_What the task requires_: Below is a listing. Return the lines from the one that contains "Изображение товара Крышка" to the one that contains "AM. BAITWORKS", both ends included, verbatim and with no pictures.

_Provided records_:

======

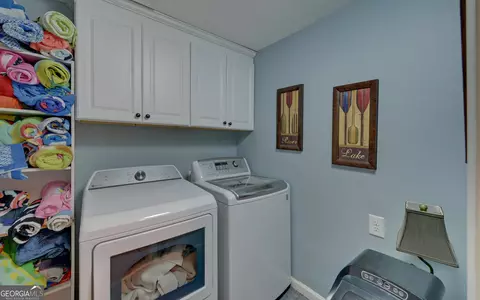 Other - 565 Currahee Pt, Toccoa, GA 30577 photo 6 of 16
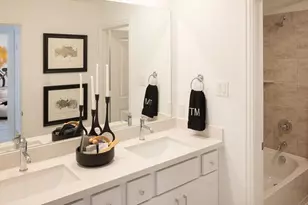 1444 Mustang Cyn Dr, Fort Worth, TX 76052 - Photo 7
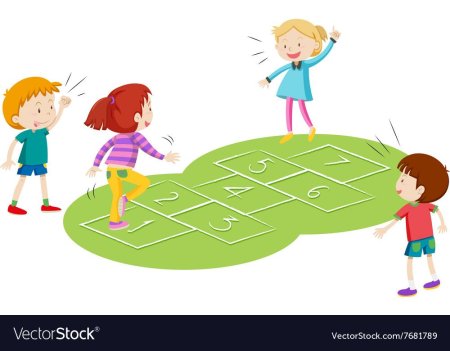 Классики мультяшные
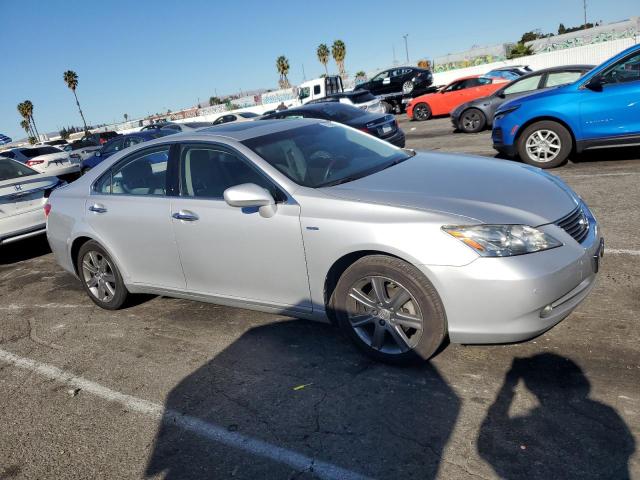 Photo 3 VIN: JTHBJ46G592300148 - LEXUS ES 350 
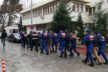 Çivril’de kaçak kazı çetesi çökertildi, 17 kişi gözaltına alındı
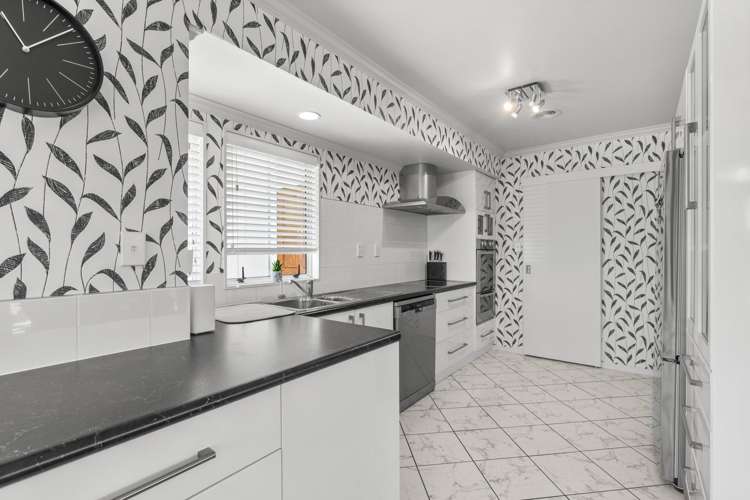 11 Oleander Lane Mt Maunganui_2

======

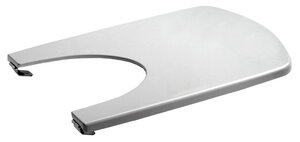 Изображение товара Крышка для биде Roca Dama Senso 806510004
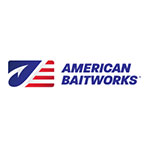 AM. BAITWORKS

======

_Solution for this exercise_:
 Изображение товара Крышка для биде Roca Dama Senso 806510004
 AM. BAITWORKS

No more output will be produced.